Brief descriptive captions
=-=-=-=-=
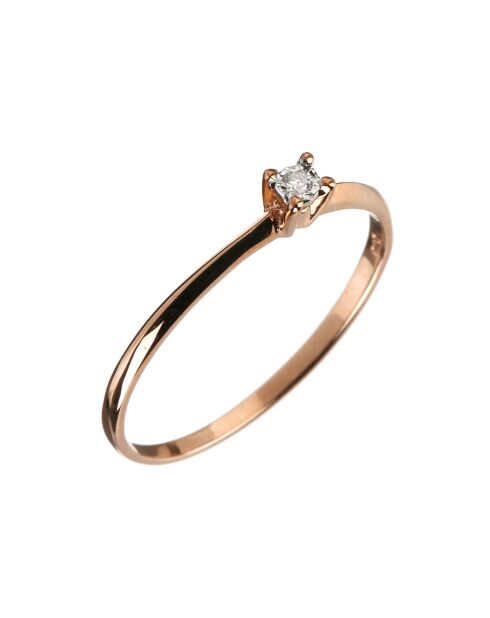 Bague Pure Diamant 0.01 ct or rose
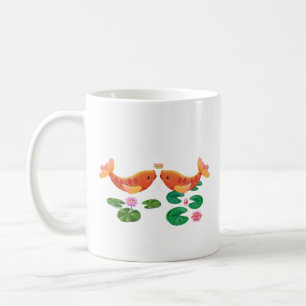 Golden koi-fisk med lotus blommor Kaffe Mugg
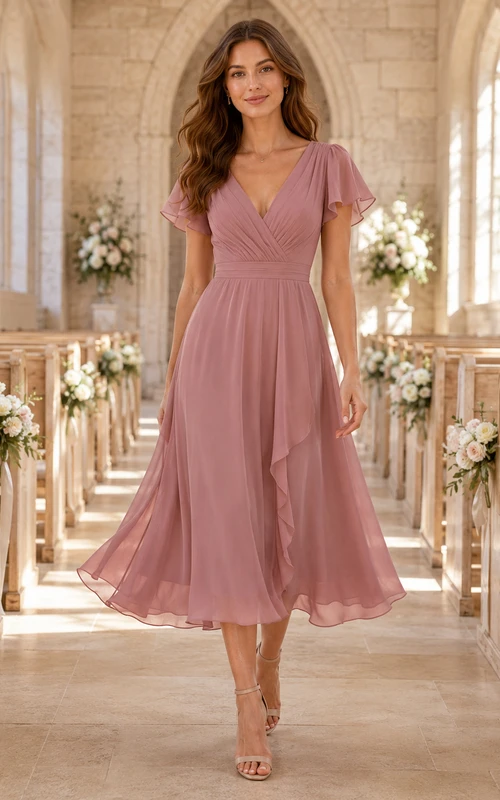 Chapel Dusty Rose V-Neck Chiffon A-Line Tea-Length Flutter Sleeve Dress
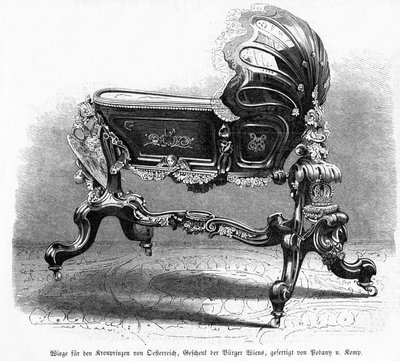 Culla del principe ereditario austriaco, illustrazione da Leipziger Illustrirte Zeitung, 1859 da Austrian School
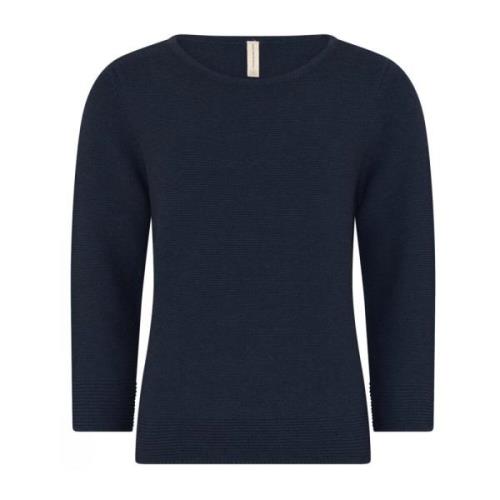 Skovhuus Strukturerad A-Formad Jumper Bluser Marine Blue, Dam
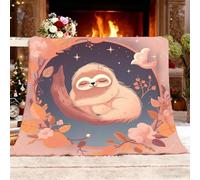 Coperta di Flanella, Cartone Animato Bradipo Ghirlanda Morbida Leggera Pile Coperte Marrone Coperta Tutte Le Stagioni Multifunzionale per Divano o Letto Matrimoniale XXL 180x200 cm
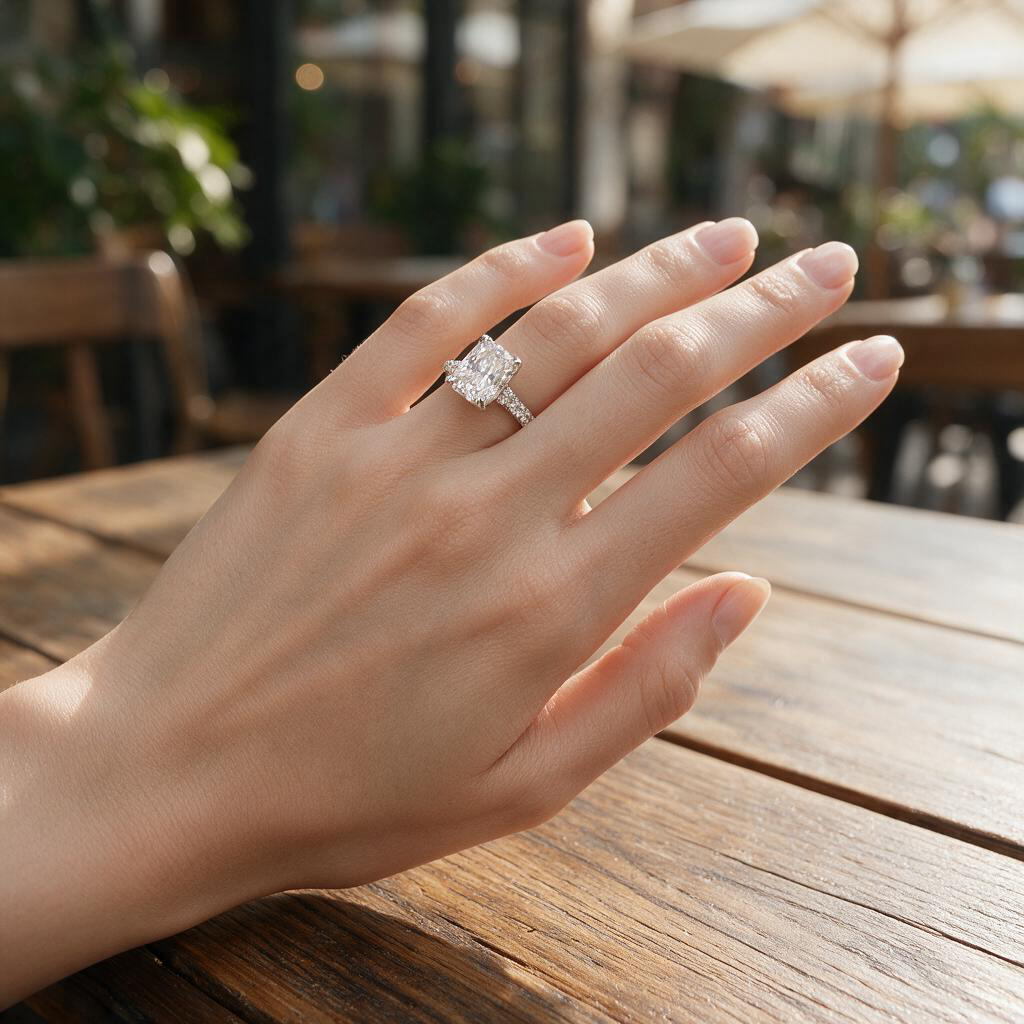 5 Carat Elongated Cushion Cut Lab Grown Diamond Ring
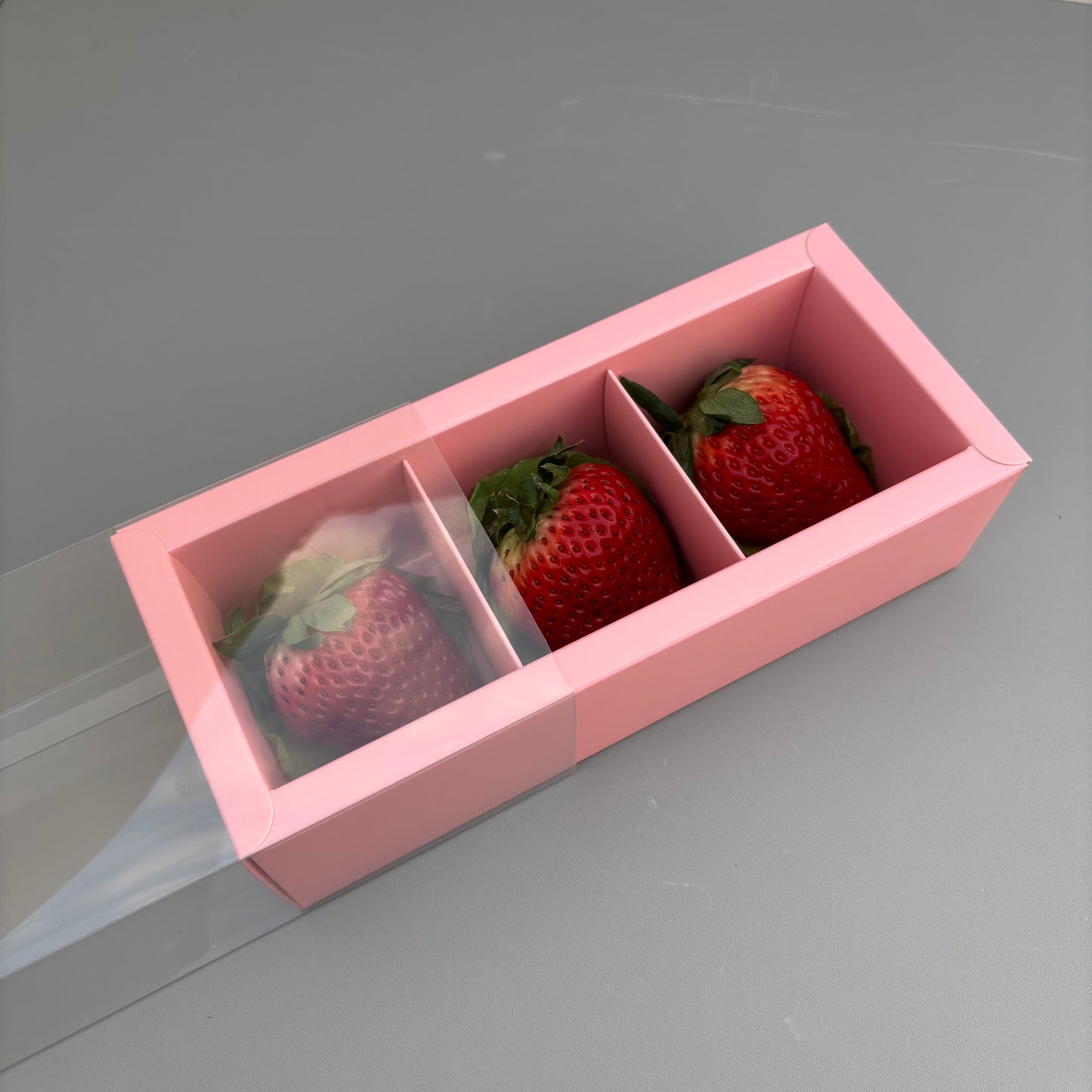20PCS 3-strawberries Pink Paper Box with Clear Sleeve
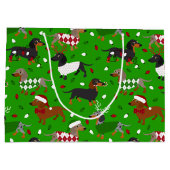 Grand Sac Cadeau Noël Dachshund Tous les manteaux (Dos)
=-=-=-=-=
# About this task
Your answer must be an exact copy of the data above, minus its pictures.

# Exercise result
 Bague Pure Diamant 0.01 ct or rose
 Golden koi-fisk med lotus blommor Kaffe Mugg
 Chapel Dusty Rose V-Neck Chiffon A-Line Tea-Length Flutter Sleeve Dress
 Culla del principe ereditario austriaco, illustrazione da Leipziger Illustrirte Zeitung, 1859 da Austrian School
 Skovhuus Strukturerad A-Formad Jumper Bluser Marine Blue, Dam
 Coperta di Flanella, Cartone Animato Bradipo Ghirlanda Morbida Leggera Pile Coperte Marrone Coperta Tutte Le Stagioni Multifunzionale per Divano o Letto Matrimoniale XXL 180x200 cm
 5 Carat Elongated Cushion Cut Lab Grown Diamond Ring
20PCS 3-strawberries Pink Paper Box with Clear Sleeve
 Grand Sac Cadeau Noël Dachshund Tous les manteaux (Dos)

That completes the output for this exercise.